LUCI E ZONE
D’OMBRA
In effetti uno dei
principi che sembrano regolare la nostra attuale esistenza è (oltre al principio di indeterminazione) il principio di contraddizione. (Ciò in
attesa che, nel nostro prosieguo, si chiarisca eventualmente che tratterebbesi
di una contraddizione inesistente. Che sussiste esclusivamente poiché ci è
stato attribuito, nella nostra esistenza terrena, solo la capacità di vedere
poco….molto poco. Escludendo in questo “poco”
le ragioni effettive e la struttura di ciò che scorgiamo). DERRIDA fa, per così dire, a mani basse, costante applicazione del
suddetto principio (di contraddizione).
Per Lui “si è veri filosofi solo non essendolo”. (E, secondo WW, ci riesce benissimo). “Si è filosofi….solo facendo i distruttori
della filosofia”. A tale teoria è stata attribuita la denominazione di “decostruzione”. (dei concetti, delle
teorie filosofiche e non solo).
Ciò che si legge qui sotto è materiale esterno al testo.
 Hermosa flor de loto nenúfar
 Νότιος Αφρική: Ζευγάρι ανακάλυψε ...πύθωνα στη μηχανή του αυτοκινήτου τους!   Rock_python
La tecnica è questa: si prendono due o tre
parole, e ci si realizza un gioco nel quale si fa ricorso al sofisma. Per
evidenziare che ciò che tali parole rappresentano è del tutto inesistente o
completamente diverso da ciò che vorrebbero indicare. E così le dicotomie natura/spirito, corpo/anima, essere
/divenire si trasformano in qualcosa di diverso o di inesistente. In
conseguenza della loro dialettica e reciproca contraddittoria ma irrinunciabile
interdipendenza. Che non le fa veramente antitetiche, poiché
l’una non potrebbe concepirsi se non esistesse l’altra. Infatti lo stesso “essere” (al presente) non potrebbe
concepirsi se non ci fosse, in sua
contrapposizione e delimitazione, anche il “divenire”. Ma in tal caso l’essere non esisterebbe, in quanto
conterrebbe in sè (in un rapporto di inevitabile interdipendenza) anche il “divenire”. E la stessa sorte
toccherebbe anche a quest’utimo. Nichilismo
assoluto. In tal modo anche la nostra stessa esistenza risulterebbe
annullata. Infatti, come sostiene Derrida,
la nostra vita è un continuo misurarci con l’idea della nostra fine. E quindi
nel nostro essere in vita è già presente una forma di mortalità. Prima ancora
che quest’ultima intervenga. Conseguentemente se la nostra mortalità fa parte
della nostra vita e se con essa ci misuriamo costantemente ciò significa che vivere e filosofare è, in sostanza,
un’imparare a morire. Che costituisce premessa fondamentale per imparare a
vivere. Questa teoria (e tutte le
precedenti) fanno venire alla mente il sofisma di Achille e la freccia, con il quale Zenone ritenne di dimostrare
l’inesistenza del movimento. E dai “Promessi
Sposi” interviene anche Don Ferrante,
(reclamando, in ordine a ciò, una specie di primogenitura) poichè, nonostante
avesse dimostrato l’inesistenza della peste, ne venne ugualmente colpito. A
questo punto potrebbe farsi entrare in scena PIRANDELLO con la sua battuta finale del “Così è ( se vi pare)” : “Ed
ecco, Signori, così parla la verità” (volge attorno uno sguardo di sfida
derisoria) “Siete contenti ?”
(scoppia a ridere) “Ah !, ah !, ah !...”
L’immagine che
accompagna il post potrebbe anche significare che…..non è tutta luce quella che brilla… (in effetti vi si intravedono
molte zone d’ombra…piuttosto scure).